» **DATA**:
****************************************

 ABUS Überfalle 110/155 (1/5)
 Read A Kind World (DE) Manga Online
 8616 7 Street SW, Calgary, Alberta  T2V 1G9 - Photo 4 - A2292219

****************************************

» **EXERCISE AIM**:
Every line in the material must be retyped exactly, with none omitted.

» **RESULT**:
 ABUS Überfalle 110/155 (1/5)
 Read A Kind World (DE) Manga Online
 8616 7 Street SW, Calgary, Alberta  T2V 1G9 - Photo 4 - A2292219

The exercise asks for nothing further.